As known to us, the cognition process is the instinct learning ability of the human being. This process is perhaps one of the most complex human behaviors. It is a highly efficient and intelligent information processing process. For a cognition process of the natural world, humans always transfer the feature information to the brain through their perception, and then the brain processes the feature information and remembers it. Due to the invention of computers, scientists are now working toward improving its artificial intelligence, and they hope that one day the computer could have its intelligent “brain” as human does. However, it is still a long way for us to go in order to let a computer truly “think” by itself. Currently, artificial intelligence is an important and active research topic. It imitates the human brain using the idea of function equivalence. Traditionally, the neural computing and neural networks families are the majority parts of the direction (Haykin, 1994). By imitating the working mechanism of the human-brain neuron, scientists have built the neural networks theory following experimental research such as perception neurons and spiking neurons (Gerstner & Kistler, 2002) in order to understand the working mechanism of neurons. Neural-computing and neural networks (NN) families (Bishop, 1995) have made great achievements in various aspects. Recently, statistical learning and support vector machines (SVM) (Vapnik, 1995) have drawn extensive attention and shown better performances in various areas (Li, Wei & Liu, 2004) than NN, which implies that artificial intelligence can also be made via advanced statistical computing theory. Nowadays, these two methods tend to merge under the statistical learning theory framework
It should be noted that, for NN and SVM, the function imitation happens at microscopic view. Both of them utilize the mathematic model of neuron working mechanism. However, the whole cognition process can also be summarized as two basic principles from the macroscopical point of view (Li, Wei & Liu, 2004): the first is that humans always cognize things of the same kind, and the second is that humans recognize and accept things of a new kind easily.

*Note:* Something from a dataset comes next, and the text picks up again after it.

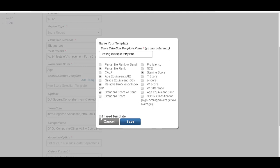So if we click shared template, this template will share with all of the examiners that we have in our system. So we'll click it as a shared template and save.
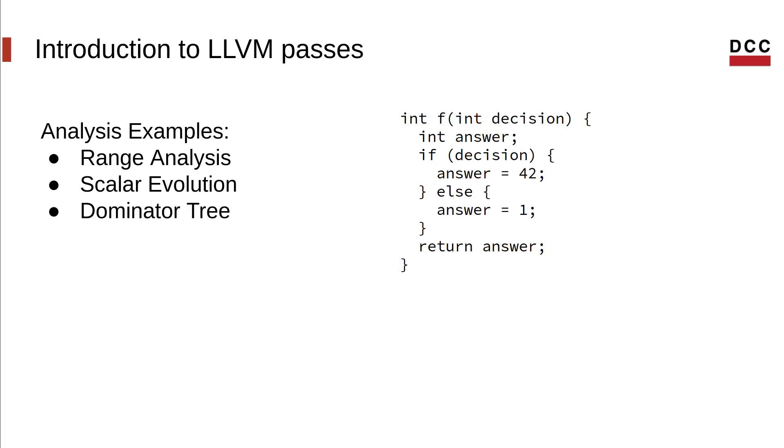A third example of analysis is a dominator tree analysis. A dominator tree is a very useful data structure for compilers. Basically, this data structure tells you what part of the code will for sure run before some other part. Let's look at an example to make things more concrete.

In order to clarify the idea, the function imitation explanation of NN and SVM is first analyzed. The function imitation of human cognition process for pattern classification (Li & Wei, 2005) via NN and SVM can be explained as follows:
The training process of these machines actually imitates the learning processes of human being, which is called “cognizing process”, While the testing process of an unknown sample actually imitates the recognizing process of human being, which is called “recognizing process”.
From a mathematical point of view, the feature space is divided into many partitions according to the selected training principles (Haykin, 1994). Each feature space partition is then linked with a corresponding class. Given an unknown sample, NN or SVM detects its position and then assigns the indicator. For more details, the reader should refer to (Haykin, 1994 & Vapnik, 1995).

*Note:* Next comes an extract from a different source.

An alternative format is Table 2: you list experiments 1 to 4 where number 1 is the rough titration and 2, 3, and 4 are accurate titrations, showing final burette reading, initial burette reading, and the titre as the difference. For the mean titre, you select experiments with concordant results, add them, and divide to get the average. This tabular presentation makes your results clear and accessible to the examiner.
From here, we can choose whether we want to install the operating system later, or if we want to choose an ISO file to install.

Now, suppose a sample database is given, if a totally unknown new sample comes, both SVM and NN will not naturally recognize it correctly and will consider it to the closest known in the learned classes (Li & Wei, 2005).

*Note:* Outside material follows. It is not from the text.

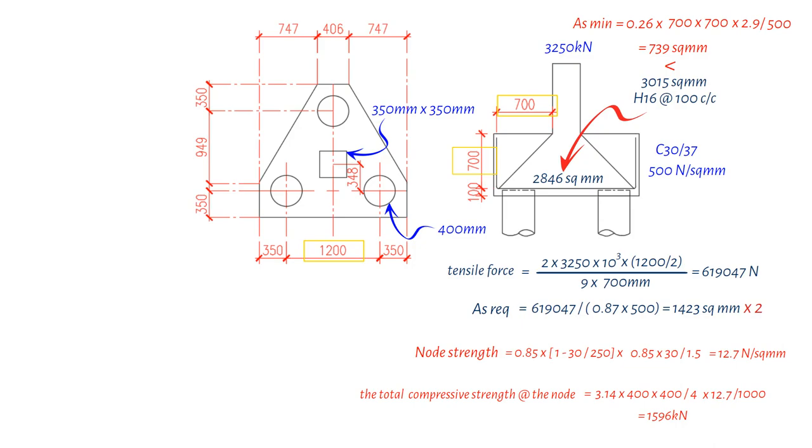Next, we determine the applied force by dividing 3250 kN by 3, resulting in 1083 kN. The outcome of these calculations indicate that the applied force is less than the total compressive strength at the node, so it's deemed acceptable.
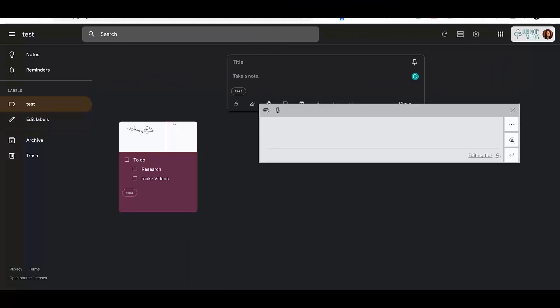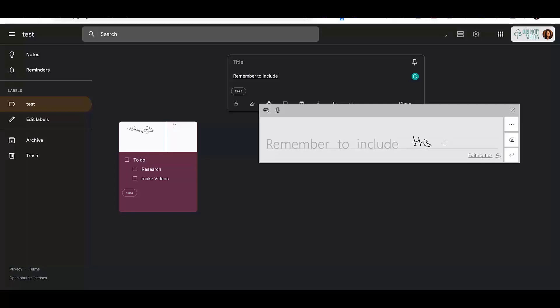Another thing to know is that if your students are using their touchscreen Chromebooks, they can write out their text that will automatically be translated to typed text within their Google Keep notes.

The root cause of this phenomenon lies in the fact that the learning principle of the NN or SVM is based on feature space partition. This kind of learning principle may amplify each class’s distribution region especially when the samples of different kinds are small due to incompleteness. Thus it is impossible for NN or SVM to detect the unknown new samples successfully.
However, this phenomenon is quite easy for humans to handle. Suppose that we have learned some things of the same kind before, and then if given similar things we can easily recognize them. And if we have never encountered with them, we can also easily tell that they are fresh things. Then we can remember their features in the brain. Sure, this process will not affect other learned things. This point surely makes our new learning paradigm different from NN or SVM.